======== Provided records
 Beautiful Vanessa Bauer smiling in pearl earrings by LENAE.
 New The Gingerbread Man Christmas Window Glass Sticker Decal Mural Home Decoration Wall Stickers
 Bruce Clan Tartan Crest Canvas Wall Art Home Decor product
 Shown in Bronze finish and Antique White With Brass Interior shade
================
======== Provided records
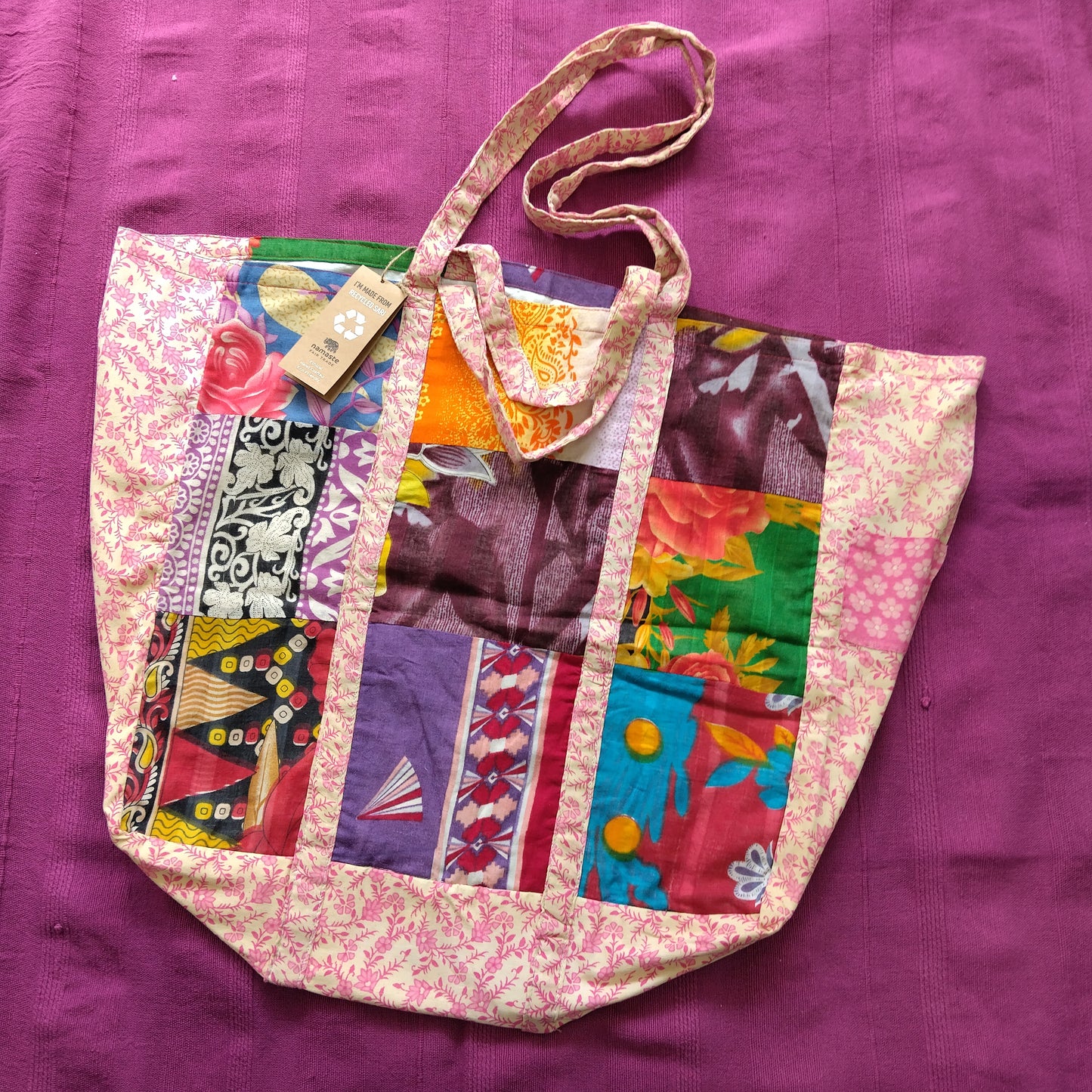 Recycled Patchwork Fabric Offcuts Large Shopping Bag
================
======== Provided records
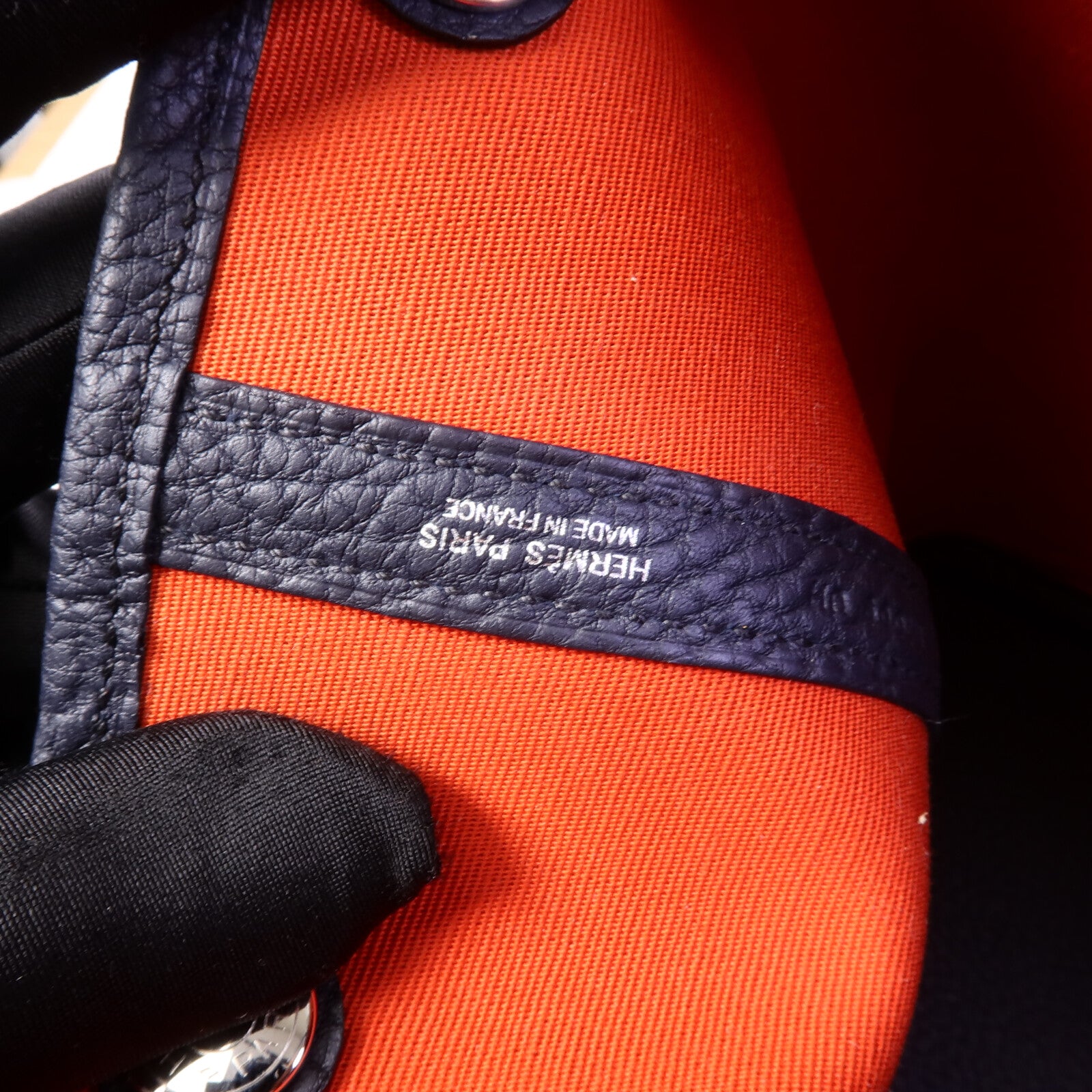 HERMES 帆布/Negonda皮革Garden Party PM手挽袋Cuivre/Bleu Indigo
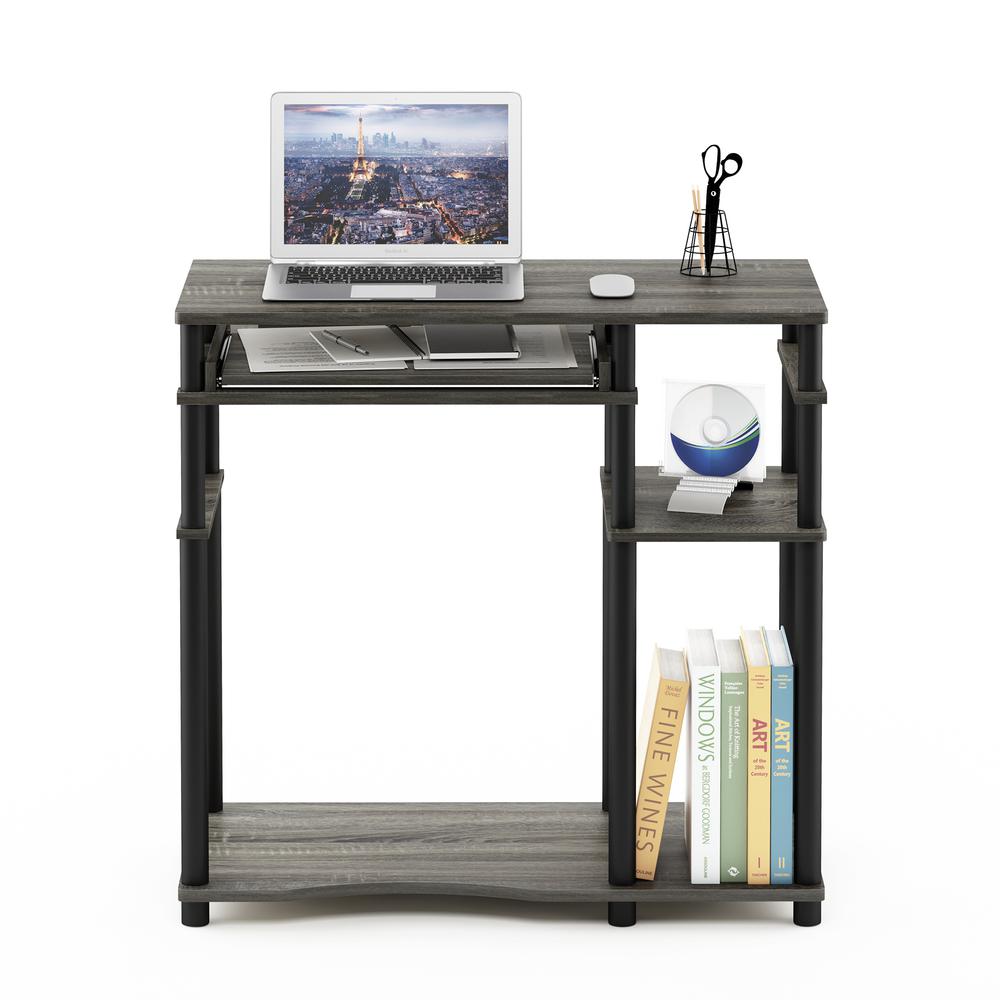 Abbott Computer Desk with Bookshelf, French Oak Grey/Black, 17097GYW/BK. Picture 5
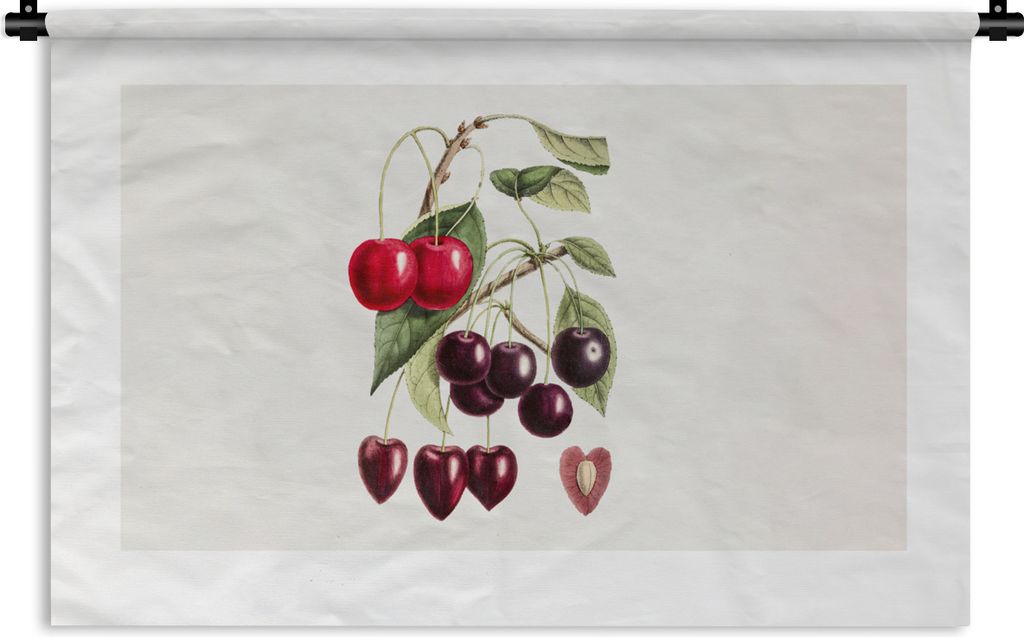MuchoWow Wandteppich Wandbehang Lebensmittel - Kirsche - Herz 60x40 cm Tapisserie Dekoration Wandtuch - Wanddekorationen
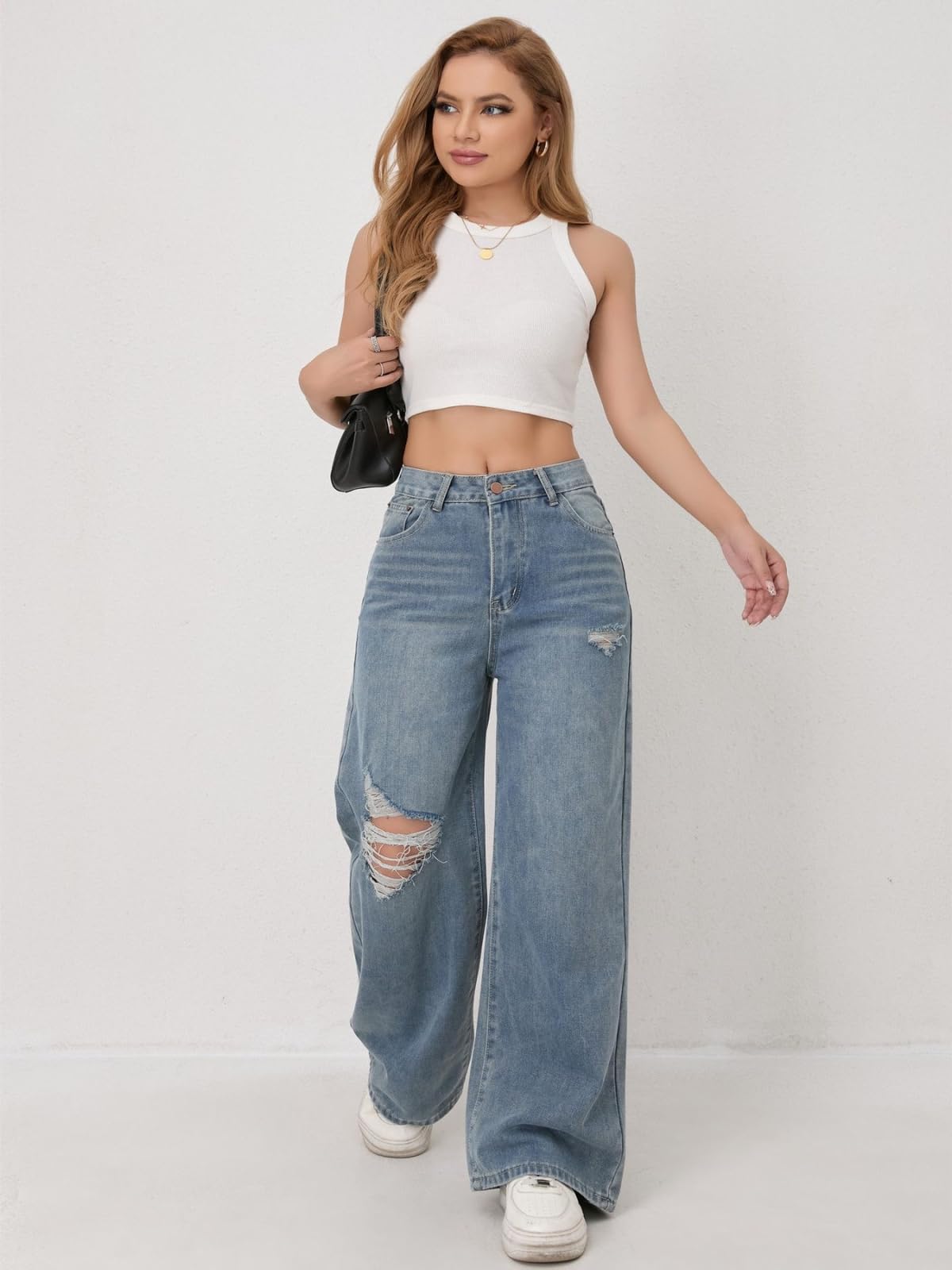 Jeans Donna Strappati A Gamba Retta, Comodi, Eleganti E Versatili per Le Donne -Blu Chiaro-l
================
Reproduce the listing above only between the lines holding "HERMES 帆布/Negonda皮革Garden Party" and "Jeans Donna Strappati", inclusive. Every line must match exactly, and pictures are dropped.

Response:
 HERMES 帆布/Negonda皮革Garden Party PM手挽袋Cuivre/Bleu Indigo
 Abbott Computer Desk with Bookshelf, French Oak Grey/Black, 17097GYW/BK. Picture 5
MuchoWow Wandteppich Wandbehang Lebensmittel - Kirsche - Herz 60x40 cm Tapisserie Dekoration Wandtuch - Wanddekorationen
 Jeans Donna Strappati A Gamba Retta, Comodi, Eleganti E Versatili per Le Donne -Blu Chiaro-l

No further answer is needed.